A taxa de juro de referência de mercado do Euro é a Euribor que, basicamente, significa a taxa a que, em média, os bancos estão dispostos a emprestar euros uns aos outros durante um certo prazo.
Mas o mercado do euro não é um mercado livre, mas sim regulado pelo Banco Central Europeu (BCE) que estabelece, a cada seis semanas, as taxas diretoras a que empresta dinheiro aos bancos (taxa de refinanciamento) e que aceita receber o dinheiro extra dos bancos (taxa de depósito).
Ora, estas taxas efetivamente estabelecem balizas para a Euribor – um banco normalmente não vai emprestar a outros dinheiro a um valor inferior à taxa a que pode depositar esse dinheiro no BCE nem pedir emprestado a um valor superior à taxa que pode ir buscar dinheiro ao BCE.
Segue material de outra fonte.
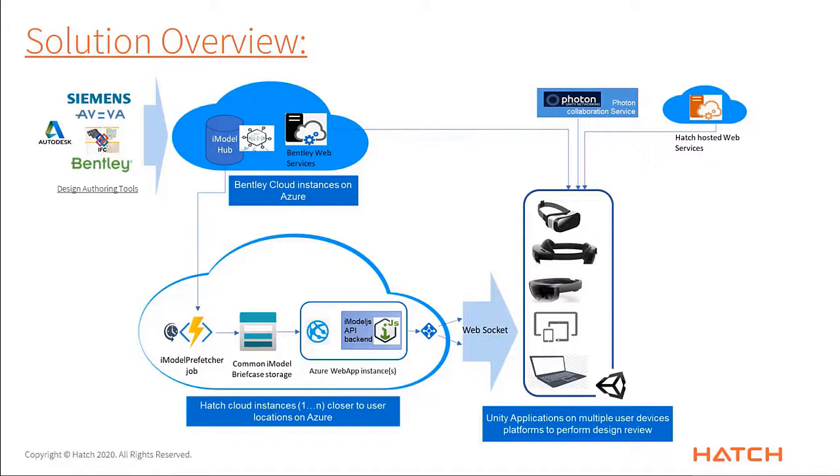One more very important part is that we are also connecting to the Hatch CDE — the common data environment. By tapping into it, we are able to show all the different content hosted on the Hatch side. Together, Hatch users are able to get information from both sides: information embedded in the BIM data within the iModel, as well as information internal to Hatch. This makes design review a very compelling experience, especially in a virtual reality environment. We are also using the Photon collaboration service — a third-party service — so multiple users can come together and do a design review in a VR environment using Photon collaboration services.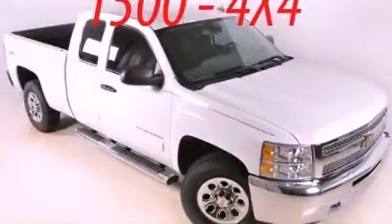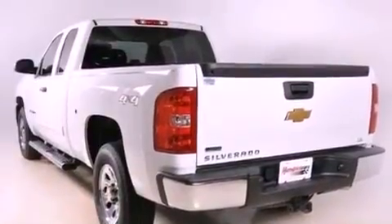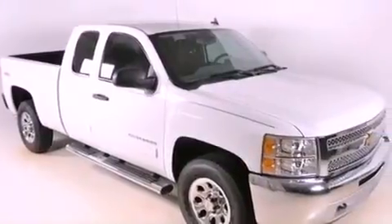This is a brand new 2012 Chevrolet Silverado 1500. It has the power to move what you need, and the look too. It features a 4.8-liter eight-cylinder engine, a four-speed automatic transmission, and four-wheel drive.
Previsivelmente, com uma taxa atual do BCE de 2% para depósitos e 2,5% para refinanciamento, e uma tendência de subida, a Euribor a três meses está nos 2,18%, a seis meses a 2,78% e a 12 meses a 3,30%, sendo estas as taxas mais usadas nos créditos à habitação, tendo subido cerca de 3% nos últimos seis meses.
Ora, o que está a acontecer em Portugal é que apesar da subida de quase 3% dos juros dos créditos à habitação e de taxas médias de crédito ao consumo a rondar os 8%, os novos depósito a prazo dos particulares na banca recebem em média apenas 0,31%, quando na Europa a taxa de juro já ascende em média a 1,12% (dados de novembro, divulgados esta semana).
A diferença de taxas entre Portugal e a média da Zona Euro, que tradicionalmente é de 0,15%, agora é de 0,8%. Isto pode não parecer muito, mas, se considerarmos o volume de depósitos de particulares de 187 mil milhões de euros na banca portuguesa, uma diferença de 0,8% na taxa média de remuneração são menos 1.500 milhões de euros por ano nos bolsos dos portugueses.
Isto é um sinal que o mercado bancário em Portugal não está a ser suficientemente competitivo. Qualquer banco podia subir as suas taxas até mais de 1% para atrair mais depósitos e colocar essa liquidez a 2% no BCE. Mas nenhum grande banco em Portugal o faz. Em vários outros países, como a Holanda, a remuneração média dos depósitos já está perto dos 1,5%. Ou seja, os bancos em Portugal não estão a remunerar os depósitos de forma justa em relação às condições de mercado, em particular num contexto em que as poupanças dos seus clientes estão a perder valor face a uma inflação que ronda os 10%.
Felizmente, os portugueses têm uma opção. O único produto garantido que tem um rendimento que se ajusta automaticamente à Euribor são os Certificados de Aforro (CA) do Estado, emitidos pelo IGCP e referenciados à Euribor 3 meses + 1%.
Depois de largos anos com taxas abaixo de 1%, a remuneração dos CA começou a subir nos últimos quatro meses e ascende já a 3,1% ao ano, pagos trimestralmente, e com tendência de subida até aos 3,5%.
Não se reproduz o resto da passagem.